Kate Elizabeth Russells Mijn duistere Vanessa (My Dark Vanessa,vertaald door Gerda Baardman en Monique ter Berg) staat deze week centraal in de leesclub van NRC Handelsblad. Overweeg je mee te lezen? Bij ons kun je uit de roman voorproeven.

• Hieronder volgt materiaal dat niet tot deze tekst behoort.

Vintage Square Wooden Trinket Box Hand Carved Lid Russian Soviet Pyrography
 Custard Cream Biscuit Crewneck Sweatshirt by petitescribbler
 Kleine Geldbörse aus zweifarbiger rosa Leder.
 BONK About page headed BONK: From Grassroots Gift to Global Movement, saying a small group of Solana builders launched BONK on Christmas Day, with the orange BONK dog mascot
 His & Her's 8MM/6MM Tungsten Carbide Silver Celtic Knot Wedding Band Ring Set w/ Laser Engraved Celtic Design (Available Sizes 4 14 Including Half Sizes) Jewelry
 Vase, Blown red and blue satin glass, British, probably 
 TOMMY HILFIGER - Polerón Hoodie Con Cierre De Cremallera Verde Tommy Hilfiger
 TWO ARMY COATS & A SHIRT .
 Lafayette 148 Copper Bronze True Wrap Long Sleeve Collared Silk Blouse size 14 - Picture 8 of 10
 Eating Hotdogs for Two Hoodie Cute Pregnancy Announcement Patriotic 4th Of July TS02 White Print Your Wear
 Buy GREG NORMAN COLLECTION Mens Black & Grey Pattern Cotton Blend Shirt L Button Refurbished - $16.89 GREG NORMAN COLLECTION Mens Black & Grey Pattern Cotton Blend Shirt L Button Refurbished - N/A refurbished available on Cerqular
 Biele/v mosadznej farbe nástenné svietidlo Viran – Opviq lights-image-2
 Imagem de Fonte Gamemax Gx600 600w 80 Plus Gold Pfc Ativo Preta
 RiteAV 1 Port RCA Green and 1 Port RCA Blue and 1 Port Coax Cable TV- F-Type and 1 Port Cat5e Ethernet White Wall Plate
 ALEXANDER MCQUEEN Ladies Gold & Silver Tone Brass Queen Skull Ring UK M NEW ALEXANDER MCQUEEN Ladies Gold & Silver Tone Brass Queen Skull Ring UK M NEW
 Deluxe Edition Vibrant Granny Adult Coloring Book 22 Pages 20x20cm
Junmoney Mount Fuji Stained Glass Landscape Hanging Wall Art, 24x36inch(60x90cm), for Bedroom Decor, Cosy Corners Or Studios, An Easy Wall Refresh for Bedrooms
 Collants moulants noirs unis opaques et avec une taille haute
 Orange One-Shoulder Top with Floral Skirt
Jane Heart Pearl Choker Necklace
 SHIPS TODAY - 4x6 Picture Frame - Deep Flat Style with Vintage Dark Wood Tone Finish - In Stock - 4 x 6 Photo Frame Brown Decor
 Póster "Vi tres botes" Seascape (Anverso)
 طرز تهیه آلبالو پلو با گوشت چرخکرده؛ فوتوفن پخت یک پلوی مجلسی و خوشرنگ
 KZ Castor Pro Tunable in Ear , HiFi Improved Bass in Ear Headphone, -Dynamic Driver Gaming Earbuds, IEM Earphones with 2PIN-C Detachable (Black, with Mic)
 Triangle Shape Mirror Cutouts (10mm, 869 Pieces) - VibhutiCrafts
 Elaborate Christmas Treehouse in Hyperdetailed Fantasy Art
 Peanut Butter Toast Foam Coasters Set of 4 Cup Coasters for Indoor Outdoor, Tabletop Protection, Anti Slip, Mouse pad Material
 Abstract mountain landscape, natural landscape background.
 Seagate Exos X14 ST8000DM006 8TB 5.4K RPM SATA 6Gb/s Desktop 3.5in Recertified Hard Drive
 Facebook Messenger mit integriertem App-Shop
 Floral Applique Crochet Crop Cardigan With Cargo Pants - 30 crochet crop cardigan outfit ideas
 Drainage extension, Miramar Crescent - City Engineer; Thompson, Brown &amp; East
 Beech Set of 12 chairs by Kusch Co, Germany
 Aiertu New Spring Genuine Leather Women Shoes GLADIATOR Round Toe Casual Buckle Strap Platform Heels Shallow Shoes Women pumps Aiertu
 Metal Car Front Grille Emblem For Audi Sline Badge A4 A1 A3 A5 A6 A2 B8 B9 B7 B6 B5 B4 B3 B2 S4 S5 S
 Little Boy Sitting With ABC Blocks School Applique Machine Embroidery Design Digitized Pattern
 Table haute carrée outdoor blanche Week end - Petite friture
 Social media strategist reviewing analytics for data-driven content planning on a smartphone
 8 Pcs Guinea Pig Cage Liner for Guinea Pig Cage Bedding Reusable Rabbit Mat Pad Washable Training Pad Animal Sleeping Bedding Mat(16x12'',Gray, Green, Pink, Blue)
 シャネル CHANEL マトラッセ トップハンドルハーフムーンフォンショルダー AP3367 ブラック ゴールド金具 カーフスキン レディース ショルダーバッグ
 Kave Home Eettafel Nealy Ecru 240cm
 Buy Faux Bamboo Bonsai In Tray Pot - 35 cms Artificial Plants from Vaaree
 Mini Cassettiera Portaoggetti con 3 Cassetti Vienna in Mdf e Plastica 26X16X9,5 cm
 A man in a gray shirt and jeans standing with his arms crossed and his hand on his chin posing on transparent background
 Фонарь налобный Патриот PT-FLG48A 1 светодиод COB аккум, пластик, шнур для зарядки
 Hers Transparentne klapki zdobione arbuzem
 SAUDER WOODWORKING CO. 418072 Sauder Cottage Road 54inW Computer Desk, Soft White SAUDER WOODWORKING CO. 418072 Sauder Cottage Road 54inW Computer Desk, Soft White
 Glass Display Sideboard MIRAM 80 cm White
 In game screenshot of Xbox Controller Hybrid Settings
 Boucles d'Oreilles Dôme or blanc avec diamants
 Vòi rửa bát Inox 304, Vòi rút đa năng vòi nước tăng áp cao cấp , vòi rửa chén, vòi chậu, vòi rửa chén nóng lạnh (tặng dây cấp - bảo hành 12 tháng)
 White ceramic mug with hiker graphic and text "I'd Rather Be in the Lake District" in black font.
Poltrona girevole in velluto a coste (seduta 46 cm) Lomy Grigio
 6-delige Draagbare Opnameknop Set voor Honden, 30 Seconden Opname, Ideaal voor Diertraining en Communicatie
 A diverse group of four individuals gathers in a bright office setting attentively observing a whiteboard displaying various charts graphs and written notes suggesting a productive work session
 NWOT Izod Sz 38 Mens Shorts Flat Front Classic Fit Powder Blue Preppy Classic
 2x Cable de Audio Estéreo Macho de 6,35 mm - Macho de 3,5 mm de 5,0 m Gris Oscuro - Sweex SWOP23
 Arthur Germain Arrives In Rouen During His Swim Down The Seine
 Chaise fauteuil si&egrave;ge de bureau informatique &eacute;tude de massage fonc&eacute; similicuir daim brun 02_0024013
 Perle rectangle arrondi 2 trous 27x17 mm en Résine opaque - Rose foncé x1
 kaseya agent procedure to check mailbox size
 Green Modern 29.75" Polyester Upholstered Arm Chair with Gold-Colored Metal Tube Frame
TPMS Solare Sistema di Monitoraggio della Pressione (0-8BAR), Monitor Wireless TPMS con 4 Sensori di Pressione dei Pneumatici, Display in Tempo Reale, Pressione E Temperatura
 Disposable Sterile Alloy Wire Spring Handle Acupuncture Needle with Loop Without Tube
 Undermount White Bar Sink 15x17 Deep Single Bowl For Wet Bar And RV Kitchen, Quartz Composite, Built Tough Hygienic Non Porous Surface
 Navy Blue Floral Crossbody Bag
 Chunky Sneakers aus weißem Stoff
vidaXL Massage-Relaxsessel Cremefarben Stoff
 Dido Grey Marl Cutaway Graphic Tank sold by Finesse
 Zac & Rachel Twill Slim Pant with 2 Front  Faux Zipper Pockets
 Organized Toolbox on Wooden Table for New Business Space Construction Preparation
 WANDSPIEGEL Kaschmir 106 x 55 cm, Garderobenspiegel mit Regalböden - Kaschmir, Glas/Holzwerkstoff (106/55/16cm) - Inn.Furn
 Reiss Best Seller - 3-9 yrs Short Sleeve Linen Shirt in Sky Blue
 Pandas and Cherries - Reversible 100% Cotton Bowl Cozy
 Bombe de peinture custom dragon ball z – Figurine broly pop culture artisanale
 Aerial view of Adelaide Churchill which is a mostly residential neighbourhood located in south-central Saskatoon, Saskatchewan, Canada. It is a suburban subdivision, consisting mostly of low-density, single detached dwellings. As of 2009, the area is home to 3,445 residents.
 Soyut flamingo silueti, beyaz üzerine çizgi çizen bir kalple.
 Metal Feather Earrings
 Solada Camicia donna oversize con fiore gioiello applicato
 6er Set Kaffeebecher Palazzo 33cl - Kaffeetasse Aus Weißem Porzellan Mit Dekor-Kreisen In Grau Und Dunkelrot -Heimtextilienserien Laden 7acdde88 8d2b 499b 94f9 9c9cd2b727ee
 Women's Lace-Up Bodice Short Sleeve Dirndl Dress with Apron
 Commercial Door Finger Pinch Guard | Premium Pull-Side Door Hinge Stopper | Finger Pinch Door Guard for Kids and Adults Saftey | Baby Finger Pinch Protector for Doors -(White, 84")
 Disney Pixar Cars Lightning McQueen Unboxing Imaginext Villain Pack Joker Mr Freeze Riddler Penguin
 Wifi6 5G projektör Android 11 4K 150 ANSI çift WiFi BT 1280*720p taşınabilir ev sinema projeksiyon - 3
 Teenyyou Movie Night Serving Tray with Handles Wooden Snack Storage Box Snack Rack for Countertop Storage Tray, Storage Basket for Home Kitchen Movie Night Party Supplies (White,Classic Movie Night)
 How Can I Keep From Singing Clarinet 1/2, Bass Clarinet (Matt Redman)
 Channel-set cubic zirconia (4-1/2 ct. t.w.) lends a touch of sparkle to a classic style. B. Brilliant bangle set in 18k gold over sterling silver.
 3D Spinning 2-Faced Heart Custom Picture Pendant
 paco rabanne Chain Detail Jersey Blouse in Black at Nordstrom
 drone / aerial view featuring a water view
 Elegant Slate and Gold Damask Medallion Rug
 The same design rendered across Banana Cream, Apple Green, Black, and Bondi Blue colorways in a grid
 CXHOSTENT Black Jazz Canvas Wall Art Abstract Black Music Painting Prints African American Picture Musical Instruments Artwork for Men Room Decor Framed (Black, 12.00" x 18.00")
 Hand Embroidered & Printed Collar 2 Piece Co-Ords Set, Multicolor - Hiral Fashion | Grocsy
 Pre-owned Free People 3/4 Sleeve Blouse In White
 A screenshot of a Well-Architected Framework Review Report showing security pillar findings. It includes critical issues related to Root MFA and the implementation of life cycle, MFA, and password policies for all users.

De slimme, ambitieuze, naar het volwassen leven verlangende Vanessa Wye is vijftien als ze voor het eerst seks heeft met Jacob Strane, haar charmante en geraffineerde 42-jarige leraar Engels. De allesverterende affaire die volgt isoleert haar van haar omgeving en zal haar nooit meer volledig loslaten. Zeventien jaar later wordt Strane in de piek van MeToo door een andere voormalige leerlinge beschuldigd van seksueel misbruik. Vanessa is diep geschokt door het nieuws, want haar relatie met Strane, dat was toch ware liefde? Wanneer de oud-leerlinge contact met Vanessa opneemt komt zij voor een onmogelijke keuze te staan. Houdt ze vast aan het geloof in haar tienerherinneringen of herdefinieert zij het grootste liefdesverhaal van haar leven en haar seksuele ontwaken?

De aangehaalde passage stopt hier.